RECORD EXCERPTS:
══════════
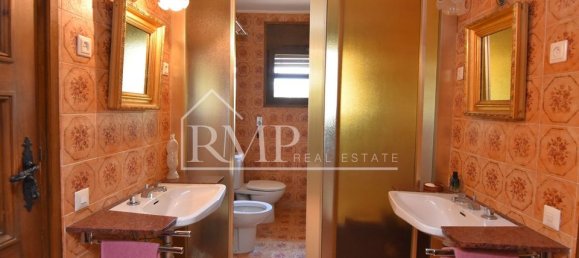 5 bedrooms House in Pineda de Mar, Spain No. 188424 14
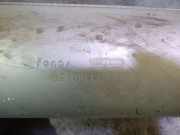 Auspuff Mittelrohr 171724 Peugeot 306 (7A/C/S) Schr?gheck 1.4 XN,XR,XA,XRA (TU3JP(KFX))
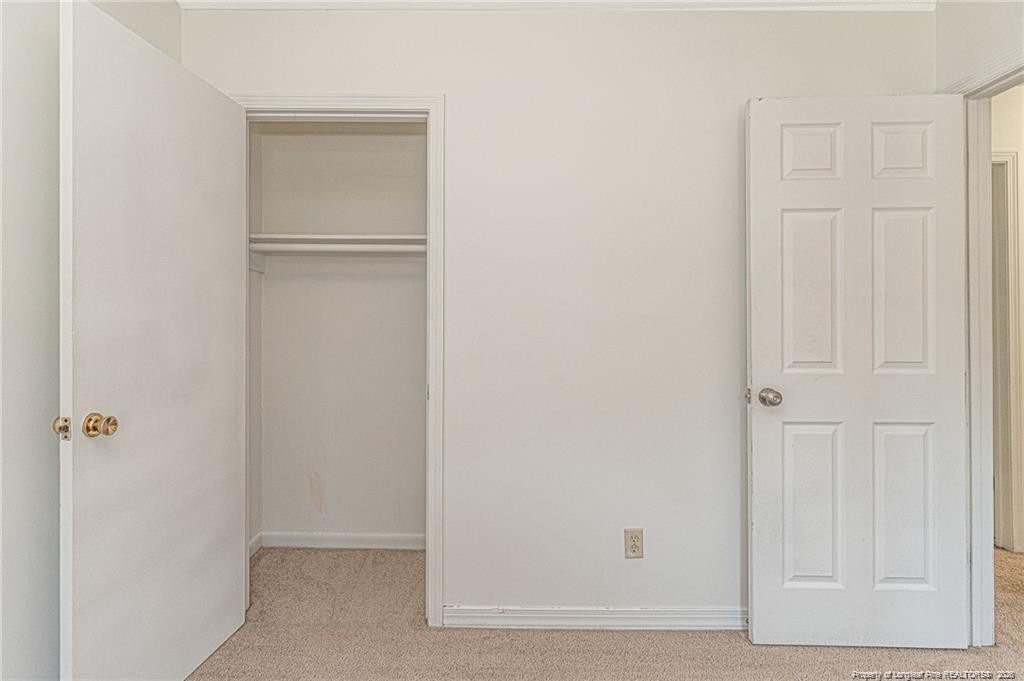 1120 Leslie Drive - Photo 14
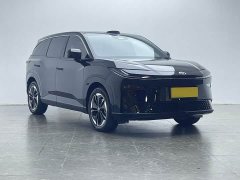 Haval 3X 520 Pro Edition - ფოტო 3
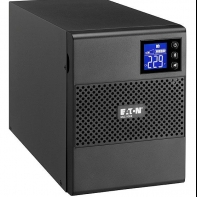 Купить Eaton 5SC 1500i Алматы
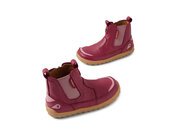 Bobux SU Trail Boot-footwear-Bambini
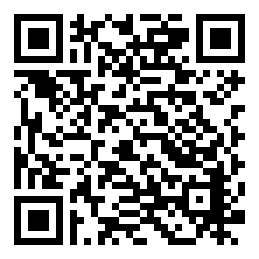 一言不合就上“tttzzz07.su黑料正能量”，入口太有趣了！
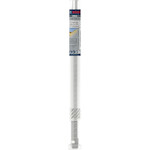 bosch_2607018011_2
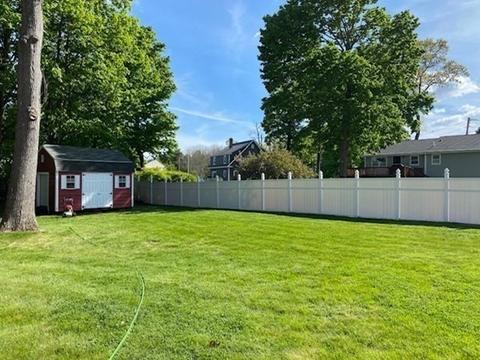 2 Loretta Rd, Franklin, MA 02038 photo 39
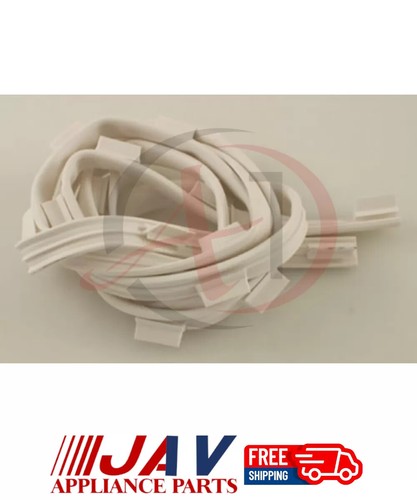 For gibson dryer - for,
══════════
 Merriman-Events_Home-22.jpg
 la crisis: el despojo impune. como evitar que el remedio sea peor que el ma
══════════
WORK REQUIRED: Copy only these lines from the records above, exactly: the one with "5 bedrooms House", the one with "For gibson dryer", and those between. Skip the pictures.

ANSWER FOR THE TASK:
 5 bedrooms House in Pineda de Mar, Spain No. 188424 14
 Auspuff Mittelrohr 171724 Peugeot 306 (7A/C/S) Schr?gheck 1.4 XN,XR,XA,XRA (TU3JP(KFX))
 1120 Leslie Drive - Photo 14
 Haval 3X 520 Pro Edition - ფოტო 3
 Купить Eaton 5SC 1500i Алматы
 Bobux SU Trail Boot-footwear-Bambini
 一言不合就上“tttzzz07.su黑料正能量”，入口太有趣了！
 bosch_2607018011_2
 2 Loretta Rd, Franklin, MA 02038 photo 39
 For gibson dryer - for,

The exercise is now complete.